3.2.5.4 analysis blacklist and 3.2.5.4 blacklist

Source: Internet
Author: User

3.2.5.4 analysis blacklist and 3.2.5.4 blacklist

Assume that you are developing a mobile phone application, for example, obtaining a blacklist of phone numbers from the cloud center. However, these phone numbers are returned as a text file, we need to analyze these lines of text into telecom suppliers, telephone numbers, remarks, and tags. In fact, this process is to convert serialized information into structured information, this makes it easier to handle the problem. For example, you can use the phone number for comparison.

Example:

Text = "18701808546 1-digit user fraud number)

15396989999 harassment Number of one user)

15992460848 1-digit user fraud number)

15625759163 sales promotion and intermediary for one user)

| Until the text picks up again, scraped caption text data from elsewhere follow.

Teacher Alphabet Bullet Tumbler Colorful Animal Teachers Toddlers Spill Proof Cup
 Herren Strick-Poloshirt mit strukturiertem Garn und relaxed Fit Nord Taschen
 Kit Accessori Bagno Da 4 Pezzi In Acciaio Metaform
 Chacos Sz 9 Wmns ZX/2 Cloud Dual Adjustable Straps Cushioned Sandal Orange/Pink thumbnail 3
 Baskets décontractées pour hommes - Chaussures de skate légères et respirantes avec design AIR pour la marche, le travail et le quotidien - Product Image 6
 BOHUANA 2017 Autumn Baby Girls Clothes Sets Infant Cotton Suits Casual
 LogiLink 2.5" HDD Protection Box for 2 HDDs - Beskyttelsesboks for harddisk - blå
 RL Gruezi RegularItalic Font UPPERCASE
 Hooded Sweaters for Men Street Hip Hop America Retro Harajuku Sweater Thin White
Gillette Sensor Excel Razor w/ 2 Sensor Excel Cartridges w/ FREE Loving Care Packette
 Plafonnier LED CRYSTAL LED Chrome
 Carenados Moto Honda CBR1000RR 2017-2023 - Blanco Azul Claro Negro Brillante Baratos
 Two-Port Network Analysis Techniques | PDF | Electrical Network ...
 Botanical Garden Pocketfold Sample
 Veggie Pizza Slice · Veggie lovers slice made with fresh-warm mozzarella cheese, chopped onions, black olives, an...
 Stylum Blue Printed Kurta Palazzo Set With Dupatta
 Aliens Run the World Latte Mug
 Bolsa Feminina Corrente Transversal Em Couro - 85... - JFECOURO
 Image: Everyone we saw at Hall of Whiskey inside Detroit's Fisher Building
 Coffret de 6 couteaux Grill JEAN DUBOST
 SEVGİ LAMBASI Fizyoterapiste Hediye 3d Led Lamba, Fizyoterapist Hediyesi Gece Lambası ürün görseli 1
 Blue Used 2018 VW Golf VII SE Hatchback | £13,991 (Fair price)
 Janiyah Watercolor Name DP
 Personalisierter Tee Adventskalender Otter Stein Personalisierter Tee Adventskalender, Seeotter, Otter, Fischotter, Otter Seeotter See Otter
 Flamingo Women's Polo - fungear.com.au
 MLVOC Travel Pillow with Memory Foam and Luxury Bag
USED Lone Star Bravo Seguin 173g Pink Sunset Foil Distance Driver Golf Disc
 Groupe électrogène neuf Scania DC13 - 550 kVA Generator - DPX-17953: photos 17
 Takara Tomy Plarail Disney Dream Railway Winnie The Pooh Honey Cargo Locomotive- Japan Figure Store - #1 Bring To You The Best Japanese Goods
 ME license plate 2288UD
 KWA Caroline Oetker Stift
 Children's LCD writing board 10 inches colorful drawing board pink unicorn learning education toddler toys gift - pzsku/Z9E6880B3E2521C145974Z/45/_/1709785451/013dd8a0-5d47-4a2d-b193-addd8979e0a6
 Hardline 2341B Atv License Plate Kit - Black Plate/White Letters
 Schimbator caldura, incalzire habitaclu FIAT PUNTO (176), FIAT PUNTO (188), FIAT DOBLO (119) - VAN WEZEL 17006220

15994768049 one user sent fraud information)

 

 

18670826757 1-digit user fraud number)

13141465810 1-digit user fraud number)

13860039526: 1-digit user fraud number )"""

 

Entries = re. split ("\ n +", text)

Print (entries)

 

L = [re. split (":? ", Entry, 2) for entry in entries]

Print (l)

 

Print ('\ n output phone number :')

For phone in l:

Print (phone [0])

 

The output is as follows:

['1st user fraud number (18701808546) ', '1st user harassment number (15396989999)', '1st user fraud number (15992460848 )', '2014, 1 user sales promotion, intermediary (15625759163) ', '2014, 1 user fraud information (15994768049)', '2014, 1 user fraud number (18670826757 )', '2017 1-digit user fraud number (13141465810) ', '2017: 1-digit user fraud number (13860039526)']

[['000000', '1-digit user fraud number', '(18701808546)'], ['000000', '1-digit user harassment number', '(15396989999) '], ['000000', '1-digit user fraud number',' () '], ['000000', '1-digit user sales promotion, intermediary ', '(15994768049)'], ['20140901', 'one-user fraud information', '(18670826757)'], ['20140901 ', '1-digit user fraud number', '(13141465810)'], ['123', '1-digit user fraud number', '(13860039526)'], ['123 ', '1-digit user fraud number', '()']

 

Output phone number:

18701808546

15396989999

15992460848

15625759163

15994768049

18670826757

13141465810

13860039526

 

In this example, re. split ("\ n +", text) to first remove multiple empty lines, so that all the text is close together, use [re. split (":? ", Entry, 2) for entry in entries] To split each line of text into available information formats and divide the text into three groups at most, finally, you can obtain the results of all phone numbers by traversing the list l, so that when there is a call display, you can determine whether the number is in these lists, if the phone is hung up, block all harassing calls, advertising calls, and improve the efficiency of society as a whole. Such annoying calls will interrupt you during work hours when you are just in bed, or it may cause a lot of problems when you drive.



Cai junsheng QQ: 9073204 Shenzhen

Copyright Disclaimer: This article is an original article by the blogger and cannot be reproduced without the permission of the blogger.

Contact Us

The content source of this page is from Internet, which doesn't represent Alibaba Cloud's opinion; products and services mentioned on that page don't have any relationship with Alibaba Cloud. If the content of the page makes you feel confusing, please write us an email, we will handle the problem within 5 days after receiving your email.

If you find any instances of plagiarism from the community, please send an email to: info-contact@alibabacloud.com and provide relevant evidence. A staff member will contact you within 5 working days.

A Free Trial That Lets You Build Big!

Start building with 50+ products and up to 12 months usage for Elastic Compute Service

  • Sales Support

    1 on 1 presale consultation

  • After-Sales Support

    24/7 Technical Support 6 Free Tickets per Quarter Faster Response

  • Alibaba Cloud offers highly flexible support services tailored to meet your exact needs.